DNA methylation and copy number signatures in bone and soft tissue tumors: impact on classification and therapy response prediction
DNA methylation and copy number signatures in bone and soft tissue tumors:
Impact on classification and therapy response prediction
Bone and soft tissue tumors are rare and often difficult to diagnose. An accurate diagnosis is essential, as these tumors vary widely in clinical behavior and treatment. Therefore, cases are discussed in the multidisciplinary bone and soft tissue panel, where clinical information, imaging, and tissue analysis are integrated to achieve the most accurate diagnosis. Nevertheless, a definitive classification is not always possible, highlighting the need for additional diagnostic tools.
In this thesis of Tony Kleijn, he investigates two molecular techniques that may support this process: DNA methylation profiling and copy number variation (CNV) analysis. Although these methods are already successfully applied in the classification of brain tumors, they are still rarely used for bone and soft tissue tumors. Our research demonstrates that they also provide significant added value in this field.
We show that methylation and CNV profiles effectively distinguish benign fibro-osseous lesions from malignant osteosarcomas in the craniofacial bones. In addition, odontogenic myxomas were found to have a unique molecular profile, offering new insights into this rare benign jaw tumor.

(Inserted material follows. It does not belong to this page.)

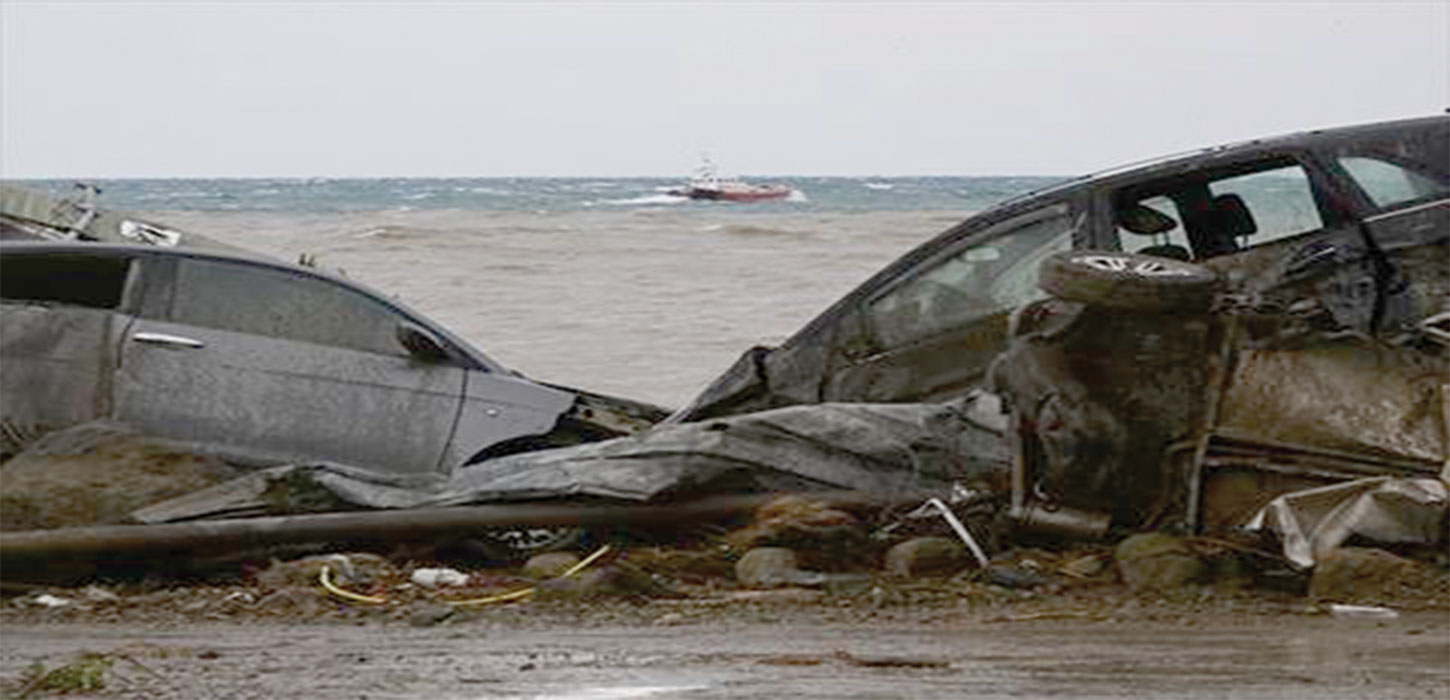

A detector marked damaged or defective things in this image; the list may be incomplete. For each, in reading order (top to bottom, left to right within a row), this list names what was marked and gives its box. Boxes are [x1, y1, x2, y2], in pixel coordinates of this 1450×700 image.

wrecked car [0, 240, 667, 475]
crushed car [0, 240, 667, 475]
wrecked car [672, 113, 1444, 426]
rusted metal [0, 489, 928, 582]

We also demonstrate that atypical pleomorphic lipomatous tumors frequently harbor TP53 alterations, in contrast to spindle cell lipomas, and that methylation and CNV analysis assist in distinguishing these tumors from malignant liposarcomas.
Finally, these techniques have not only diagnostic but also prognostic utility. They improve risk stratification in patients with gastrointestinal stromal tumors, and a deletion on chromosome 11q24.1 appears to be a promising predictive marker for radiotherapy response in myxofibrosarcomas and undifferentiated pleomorphic sarcomas.